To test for whether longevity effects are associated with Pten, Pten-g males from one line were crossed to N. vitripennis females to create heterozygous females. These were then set as virgins to produce F2 haploid males. One set was genotyped as young adults, and another provided with water until approximately 90% had died. The survivors were then genotyped. Although 43.6% of young males were Pten-g (N = 39), only 14.3% of survivors were (N = 42; χ2 = 8.55, 1 df; p < 0.01).

These results suggest that introgression of the genomic region of N. giraulti (reduced male longevity) containing Pten into N. vitripennis decreases male longevity, although it is not yet determined whether this can be attributed to Pten or flanking genes. Furthermore, it will need to be established whether this is due to an interspecies genetic incompatibility versus a specific longevity effect of Pten. Given the importance of Pten in several cellular and organismal phenotypes in diverse organisms, it is worthwhile to determine what phenotypes are affected by rapid evolution at this locus. Furthermore, the entire Pten in these lineages should now be sequenced to determine whether other portions are involved in directional selection. Examination of known interacting proteins (e.g., FAK and Shc [Yamada and Araki 2001]) could reveal whether complementary adaptive changes are occurring suggestive of specific protein-protein interactions.

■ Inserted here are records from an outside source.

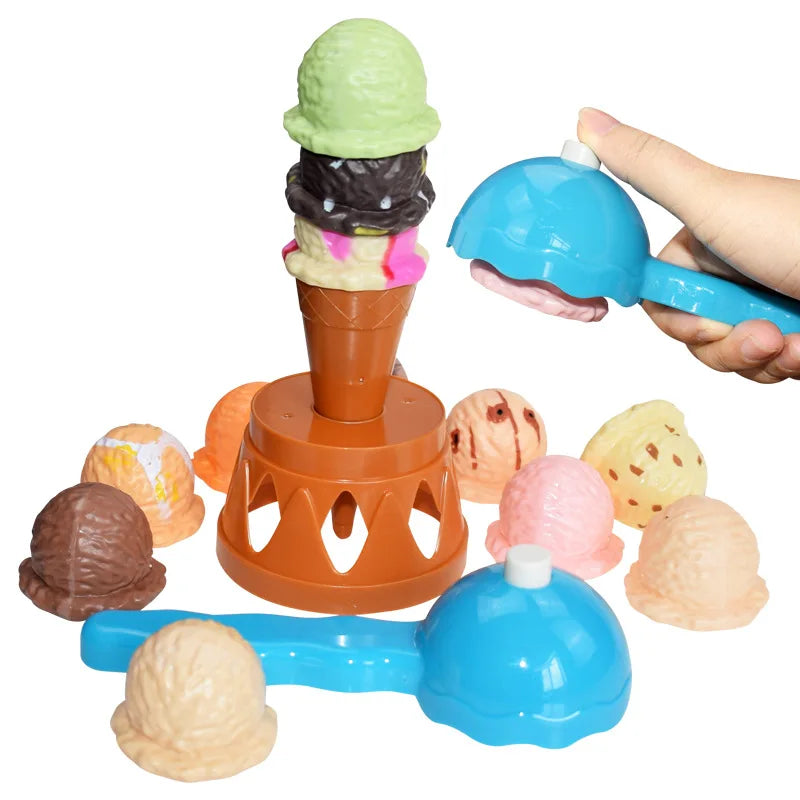 Hand using a blue scoop beside stacked ice cream pieces on a cone and orange stand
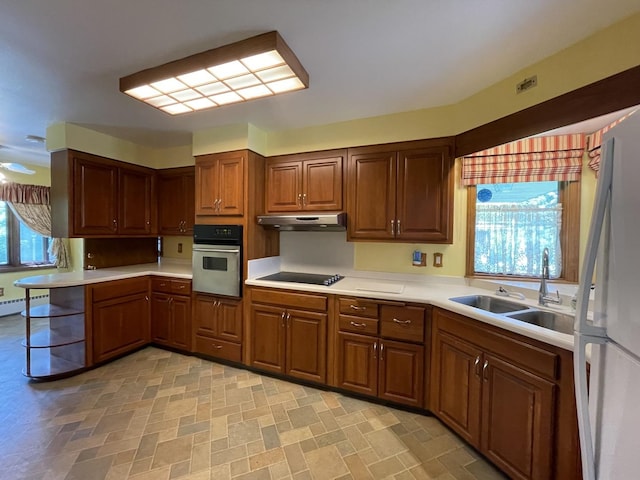 2009 Boehme St, Lockport, IL 60441 - kitchen featuring oven, a sink, freestanding refrigerator, under cabinet range hood, and light countertops
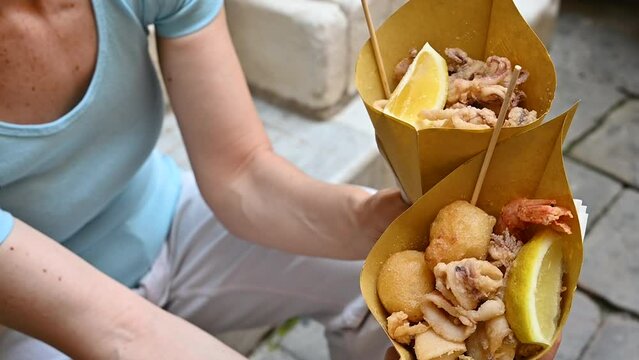 Genoa, Liguria, Italy. 3 june 2023. Slow motion footage of two takeaway fish fry cones: Genoa street food specialty. A middle-aged woman holds them up.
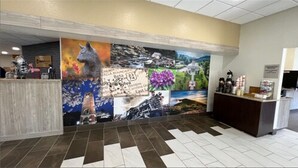 A reception area with a large mural, a reception desk, and a tiled floor. - Clarion Pointe Sylva near Cherokee Area (Sylva)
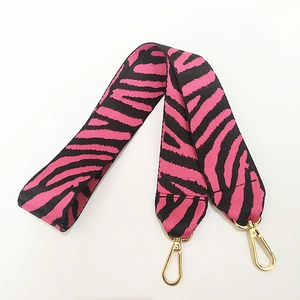 Dettaglio della tracolla in nylon zebrato rosa e nero con moschettoni in metallo dorato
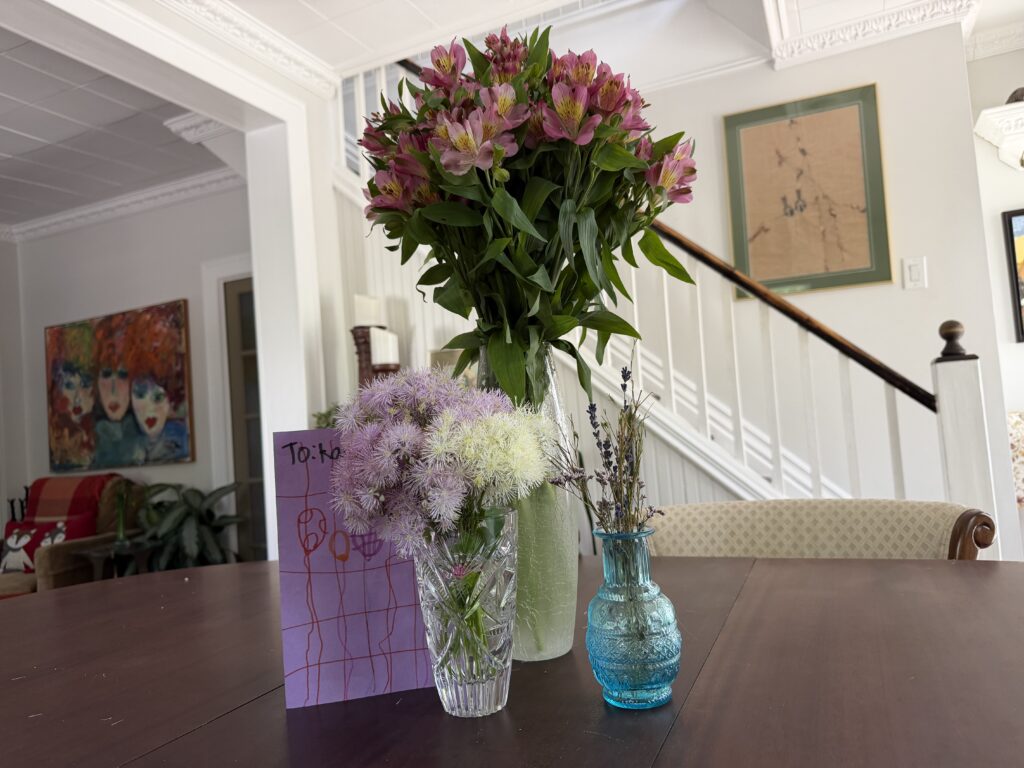 A photo demonstrating the somatic benefits of flowers through three specific floral gifts and a handmade card arranged on a table.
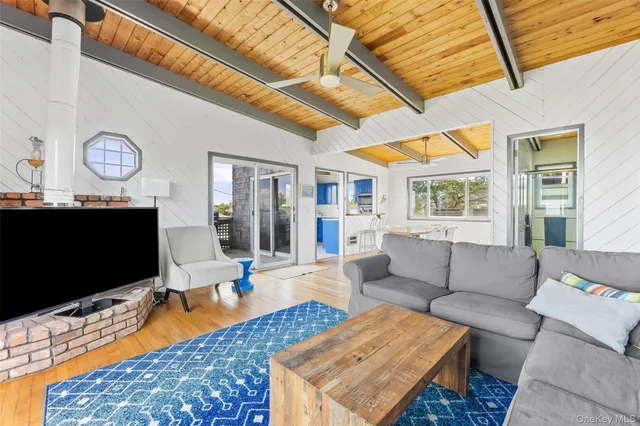 a living room with furniture a flat screen tv and a floor to ceiling window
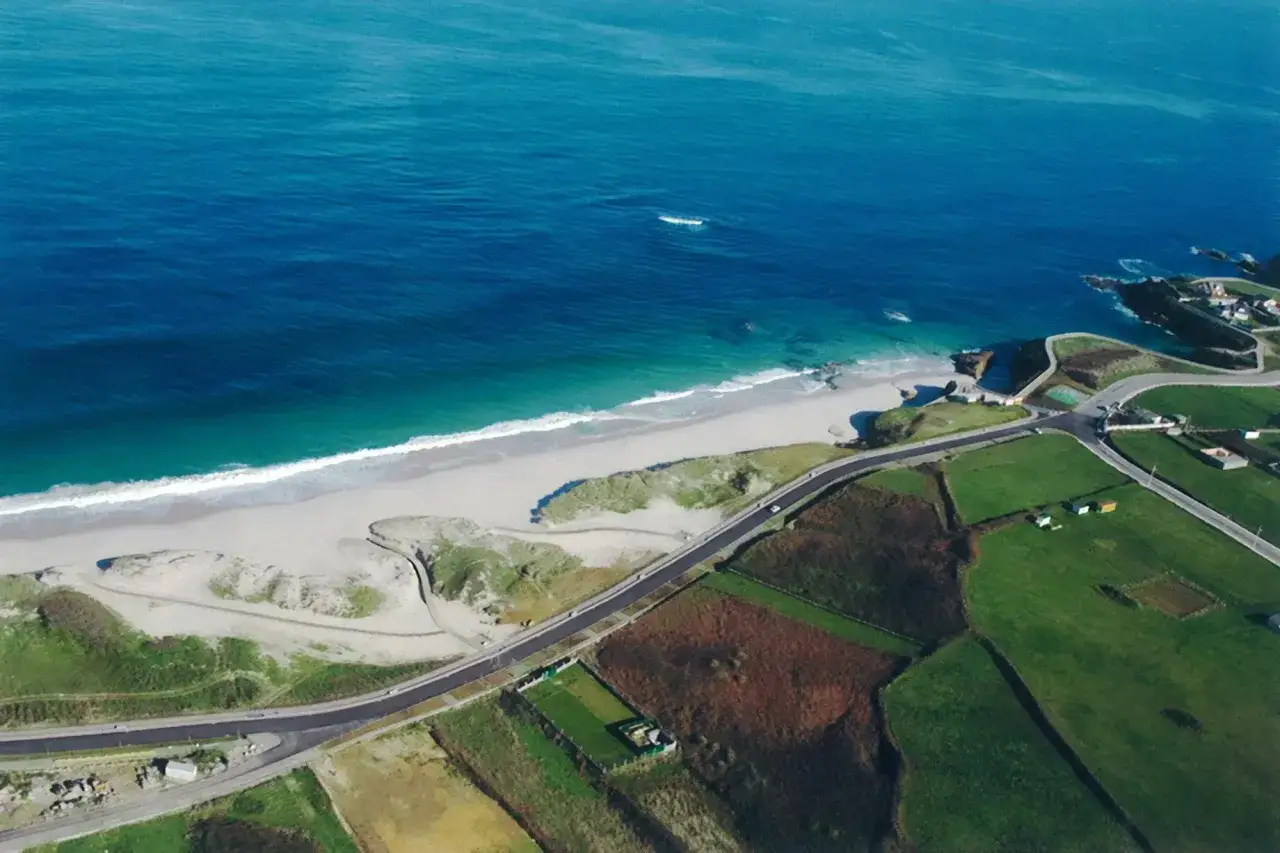 Vista aérea de la playa llas con arena blanca, mar azul y campos verdes. Una carretera serpentea junto a la costa.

For a long time, well-established cases of positive selection have remained rare. More recently, partly due to the development of more powerful statistical analyses (reviewed by Yang and Bielawski, 2000), numerous cases of positive selection have been identified. In a wide range of species, significantly elevated dN/dS ratios have frequently been described among two main gene categories: those involved in host-parasite arm race (Bishop et al. 2000; Ford 2001; Jiggins et al. 2002; Urwin et al. 2002) and those involved in reproduction (reviewed by Howard 1999; Swanson and Vacquier 2002). Though much less frequently, positive selection has also been reported in various genes, like those involved in digestion, in electron transport, or hormones (e.g., Ward et al. 1997; Goldberg et al. 2003; Wallis 2001). In primate lineages, positive selection has been reported for the genes angiogenin and BRCA1, which are involved in the regulation of cell division (Huttley et al. 2000; Zhang and Rosenberg 2002). In addition, Nielsen et al. (2005) recently found several genes involved in tumor suppression and apoptosis among those showing the strongest signs of positive selection between human and chimpanzee. Our study suggests that strong positive selection among genes involved in cell growth and proliferation might not be restricted to primates.